___ DATA UNDER STUDY

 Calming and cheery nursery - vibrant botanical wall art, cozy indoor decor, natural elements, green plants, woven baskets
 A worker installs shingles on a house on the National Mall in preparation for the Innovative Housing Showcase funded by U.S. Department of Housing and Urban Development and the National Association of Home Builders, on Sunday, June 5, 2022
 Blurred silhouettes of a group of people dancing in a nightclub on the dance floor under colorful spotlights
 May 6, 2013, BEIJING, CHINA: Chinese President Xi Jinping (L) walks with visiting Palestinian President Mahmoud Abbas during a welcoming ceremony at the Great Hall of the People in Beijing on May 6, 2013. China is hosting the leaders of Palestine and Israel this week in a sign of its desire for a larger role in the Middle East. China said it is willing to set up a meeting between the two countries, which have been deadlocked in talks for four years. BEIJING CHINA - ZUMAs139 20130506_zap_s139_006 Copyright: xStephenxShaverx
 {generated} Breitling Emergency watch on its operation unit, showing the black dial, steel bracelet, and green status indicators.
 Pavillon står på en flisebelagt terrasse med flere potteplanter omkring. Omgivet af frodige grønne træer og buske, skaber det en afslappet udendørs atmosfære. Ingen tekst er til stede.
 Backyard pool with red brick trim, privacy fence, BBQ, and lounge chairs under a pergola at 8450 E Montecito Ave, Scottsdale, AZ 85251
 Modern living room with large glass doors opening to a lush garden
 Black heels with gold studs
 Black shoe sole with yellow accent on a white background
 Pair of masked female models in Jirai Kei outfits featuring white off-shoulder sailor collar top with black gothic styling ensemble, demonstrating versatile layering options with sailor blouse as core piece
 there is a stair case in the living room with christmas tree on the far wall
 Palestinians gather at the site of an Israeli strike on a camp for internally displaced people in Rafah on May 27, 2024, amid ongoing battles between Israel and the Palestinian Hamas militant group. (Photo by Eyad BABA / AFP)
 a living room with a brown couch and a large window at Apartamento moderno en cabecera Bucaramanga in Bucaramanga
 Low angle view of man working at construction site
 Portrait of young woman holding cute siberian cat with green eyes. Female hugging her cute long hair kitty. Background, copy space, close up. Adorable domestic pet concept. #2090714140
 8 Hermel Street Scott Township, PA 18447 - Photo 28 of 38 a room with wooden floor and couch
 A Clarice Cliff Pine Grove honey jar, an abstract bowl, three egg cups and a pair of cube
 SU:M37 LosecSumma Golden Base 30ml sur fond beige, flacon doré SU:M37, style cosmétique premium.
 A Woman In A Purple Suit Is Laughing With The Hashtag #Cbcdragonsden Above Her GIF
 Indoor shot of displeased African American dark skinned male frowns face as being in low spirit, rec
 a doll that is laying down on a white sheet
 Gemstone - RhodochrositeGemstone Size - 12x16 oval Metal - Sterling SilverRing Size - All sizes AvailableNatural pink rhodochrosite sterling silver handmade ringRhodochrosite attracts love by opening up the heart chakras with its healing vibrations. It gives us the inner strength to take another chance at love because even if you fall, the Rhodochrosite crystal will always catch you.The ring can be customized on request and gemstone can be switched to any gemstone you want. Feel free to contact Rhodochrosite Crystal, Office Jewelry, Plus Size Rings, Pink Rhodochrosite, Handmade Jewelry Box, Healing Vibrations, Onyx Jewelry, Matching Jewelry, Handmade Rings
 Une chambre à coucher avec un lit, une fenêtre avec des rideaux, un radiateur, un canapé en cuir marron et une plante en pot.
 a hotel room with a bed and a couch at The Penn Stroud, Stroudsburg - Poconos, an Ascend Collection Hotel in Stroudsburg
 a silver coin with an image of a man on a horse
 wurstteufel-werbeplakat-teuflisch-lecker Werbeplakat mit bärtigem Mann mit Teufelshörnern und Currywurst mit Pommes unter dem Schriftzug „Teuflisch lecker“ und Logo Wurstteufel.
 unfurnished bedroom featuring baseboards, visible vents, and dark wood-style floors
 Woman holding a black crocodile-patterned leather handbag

______

• ASSIGNMENT
Copy every line of the records above that holds the word "wall".

• SOLUTION FOR THIS PROBLEM
 Calming and cheery nursery - vibrant botanical wall art, cozy indoor decor, natural elements, green plants, woven baskets
 there is a stair case in the living room with christmas tree on the far wall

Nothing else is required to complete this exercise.